/cortx-hare

Hare is responsible for monitoring the distributed health of CORTX and maintaining consensus.

Primary LanguagePythonApache License 2.0Apache-2.0

Codacy Badge License Slack YouTube GitHub contributors

Hare User Guide

What Hare does?

  1. Configures Motr object store.
  2. Starts/stops Motr services.
  3. Notifies Motr of service and device faults.

Hare implementation uses Consul key-value store and health-checking mechanisms.

Installation

Building from source

  • Download hare.

    git clone https://github.com/Seagate/cortx-hare.git hare
    cd hare
  • Install Python (≥ 3.6), libraries and header files needed to compile Python extensions.

    sudo yum -y install python3 python3-devel
  • Install puppet-agent (≥ 6.13.0)

    Check facter version details, if already installed / exist in system

    facter -v

    Supported version is facter >= 3.14.8, If the facter version is < 3.14.8 then follow the steps below:

    yum erase -y $(rpm -q --whatprovides $(readlink -f /usr/bin/facter)) || rm -fv /usr/bin/facter

    Now install puppet-agent

    sudo yum localinstall -y https://yum.puppetlabs.com/puppet/el/7/x86_64/puppet-agent-7.0.0-1.el7.x86_64.rpm

    Create symlink to facter binary, if not

    [ ! -f /usr/bin/facter ] && sudo ln -s /opt/puppetlabs/bin/facter /usr/bin/facter
  • Install Consul.

    sudo yum -y install yum-utils
    sudo yum-config-manager --add-repo https://rpm.releases.hashicorp.com/RHEL/hashicorp.repo
    sudo yum -y install consul-1.9.1
  • Install py-utils.

    Please refer to the instruction to install corxt-py-utils from sources.

  • Build and Install Motr.

    • Follow Motr quick start guide to build Motr from source. After compiling Motr sources, please continue with the below steps to build Hare using Motr sources.

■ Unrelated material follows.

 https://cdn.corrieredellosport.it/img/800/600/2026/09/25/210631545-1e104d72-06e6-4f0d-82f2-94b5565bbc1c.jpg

      sudo scripts/install-motr-service --link
      
      export M0_SRC_DIR=$PWD
      cd -
  • Build and install Hare.

    make
    sudo make install
  • Create hare group.

    sudo groupadd --force hare
  • Add current user to hare group.

    sudo usermod --append --groups hare $USER

    Log out and log back in.

Build and install rpms from source

NOTE: If you have built Motr and HARE from sources you need not generate RPM packages as below, however, it might be more convenient to build and install rpms on a multinode setup sometimes

  • Build & Install Motr RPMs

  • Build hare RPMs

    • Download hare source as mentioned above
      cd hare
      make rpm
      sudo rpm -ivh ~/rpmbuild/RPMS/x86_64/cortx-hare-*.rpm

Quick start

☑️ Checklist

Before starting the cluster as <user> at <origin> machine, ensure that

# Check Where
1 passwordless sudo works for <user> all machines
2 <user> can ssh from <origin> to other machines <origin>
3 cortx-hare and cortx-s3server RPMs are installed all machines
4 /opt/seagate/cortx/hare/bin is in <user>'s PATH all machines
5 <user> is a member of hare group all machines
6 CDF exists and corresponds to the actual cluster configuration <origin>

Prepare the CDF

If you are starting the cluster for the first time, you will need a cluster description file (CDF).

See cfgen --help-schema for the description of CDF format.

You can make a copy of /opt/seagate/cortx/hare/share/cfgen/examples/singlenode.yaml (single-node setup) or /opt/seagate/cortx/hare/share/cfgen/examples/ldr1-cluster.yaml (dual-node setup) and edit it as necessary.

cp /opt/seagate/cortx/hare/share/cfgen/examples/singlenode.yaml ~/CDF.yaml
vi ~/CDF.yaml

You will probably need to modify host, data_iface, and io_disks values.

data_iface

  • Make sure that data_iface value refers to existing network interface (it should be present in the output of ip a command).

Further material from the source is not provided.